Pensions - Articles - Private pension income is falling

Pension ‘freedom and choice’ introduced four years ago may be giving pension savers more freedom to access cash, but so far that isn’t translating into higher incomes, according to Just Group.

 The latest Pensioners’ Income Series figures released by the Office for National Statistics last week showed that overall incomes for pensioners were flat and that private pension income – received from workplace or personal pensions – has fallen.

 While gross income from private pension sources more than doubled in the two decades to 2014/15, since then it has slipped back.

 The 2017/18 figures just published showed income from occupational pensions was £148 a week (down from £160 in 2016/17), the lowest for four years while income from personal pensions was £19, the lowest for six years and down from £23 the previous year.

 “When George Osborne unveiled his pension ‘freedom’ plans in the 2014 Budget, he didn’t make any promises about it giving people more money,” said Stephen Lowe, group communications director at Just Group.

 “I think most people understand from their own banking that in order to have easy access to cash you may need to compromise with lower returns. And the same applies to pension savings.

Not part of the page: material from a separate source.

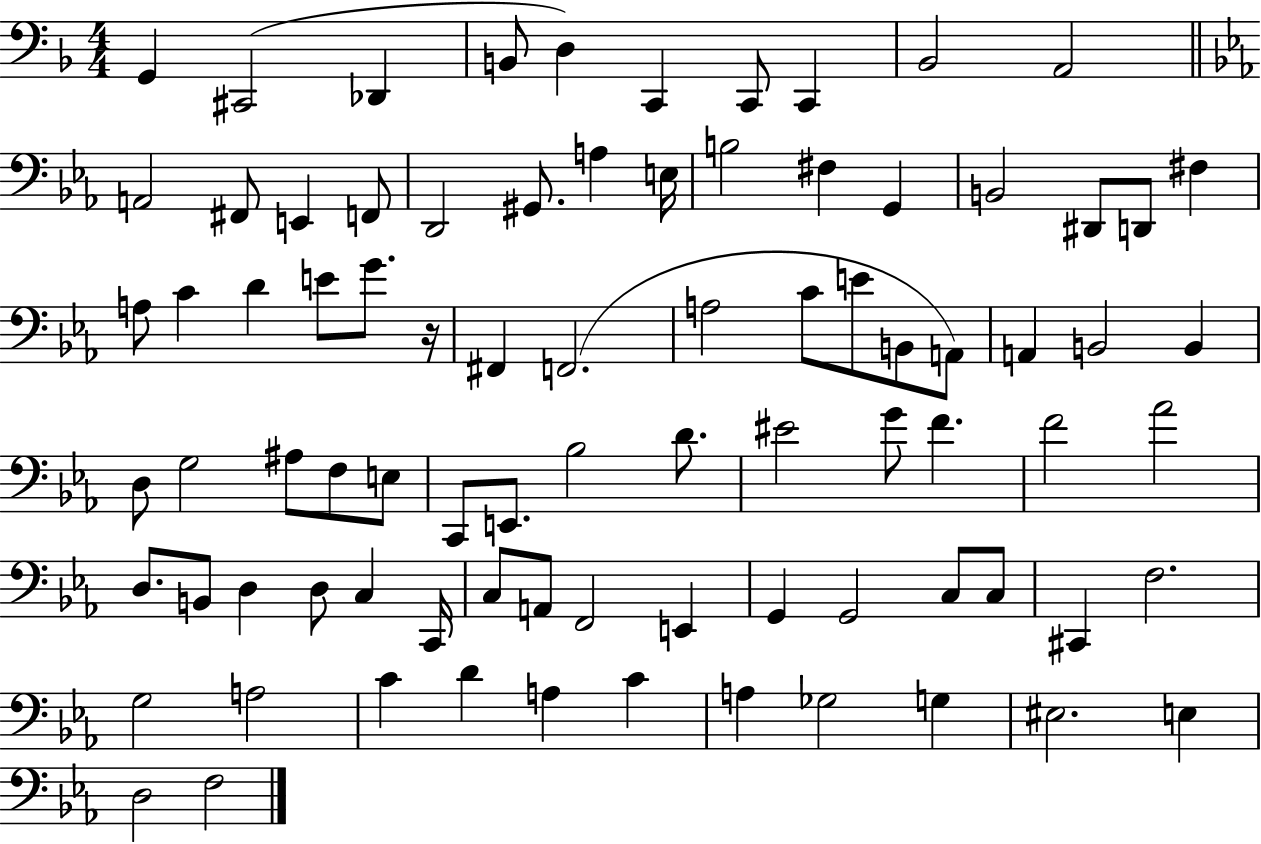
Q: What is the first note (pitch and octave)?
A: G2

 “Over time, I’m sure there will be clear winners and losers from the reforms but these figures don’t show that the average pensioner is winning – greater pension freedom is not equating to greater pension income.”

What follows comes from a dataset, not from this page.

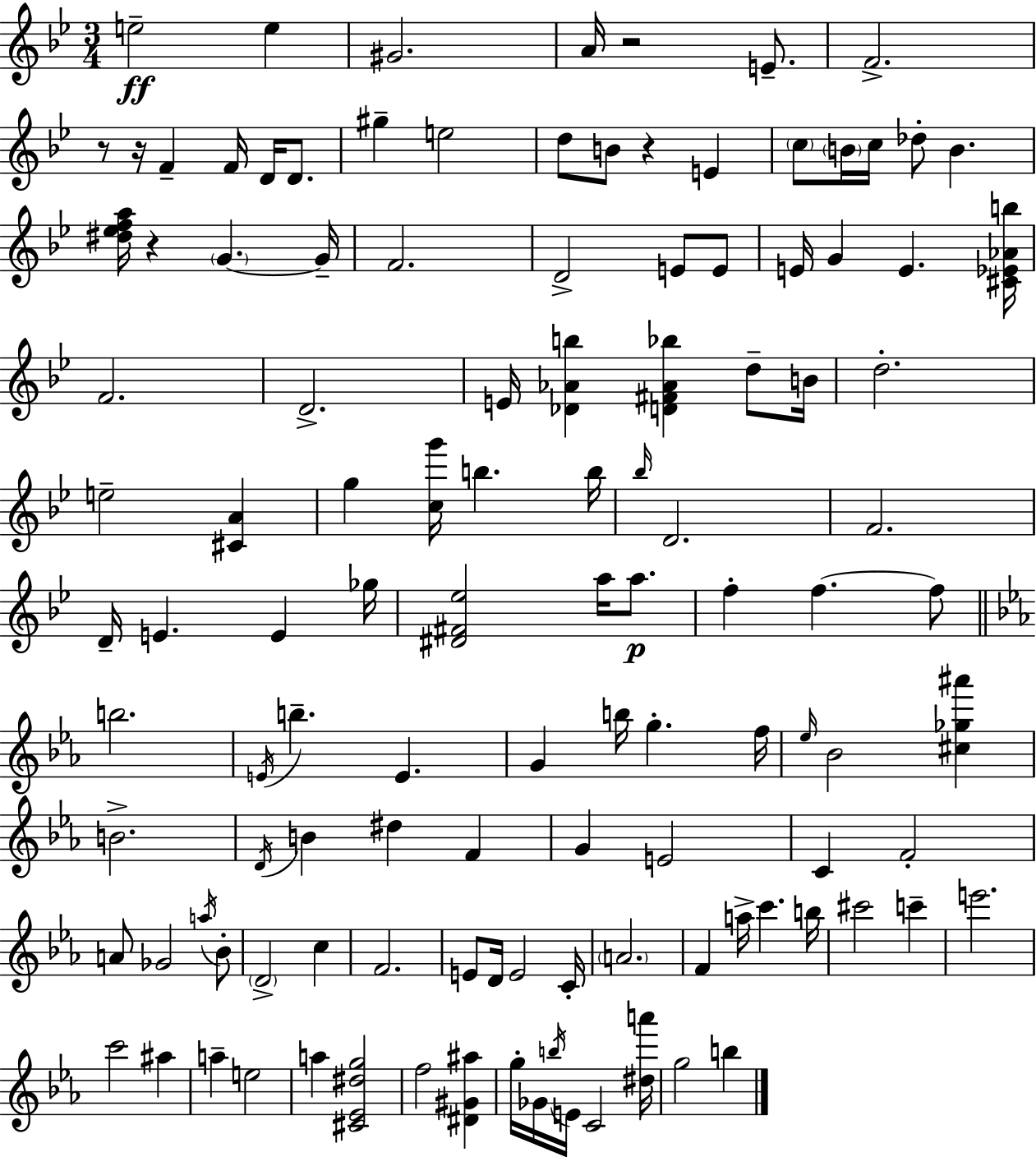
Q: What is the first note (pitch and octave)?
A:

 He said that Just Group supports the pension reforms because they recognise the benefits of flexibility, allowing pension savers to better tailor their finances to their own aspirations.

 “We can all think of examples where the extra flexibility gives options that suit some people, such as gifting money to children, taking the holiday of a lifetime, starting a business or renovating a home,” he said.

 “However, pensions are primarily designed to provide income in retirement and money taken early will not be available later. While that may be obvious, there are some less obvious knock-on effects from withdrawing money early – savers may well find they are not able to continue to save as much as they want or need until they fully retire as they become subject to stricter tax rules.

 “Our view is that true pension freedom comes when you have enough income secured to pay for the retirement you want –only then are you free to spend, invest or give away the rest.”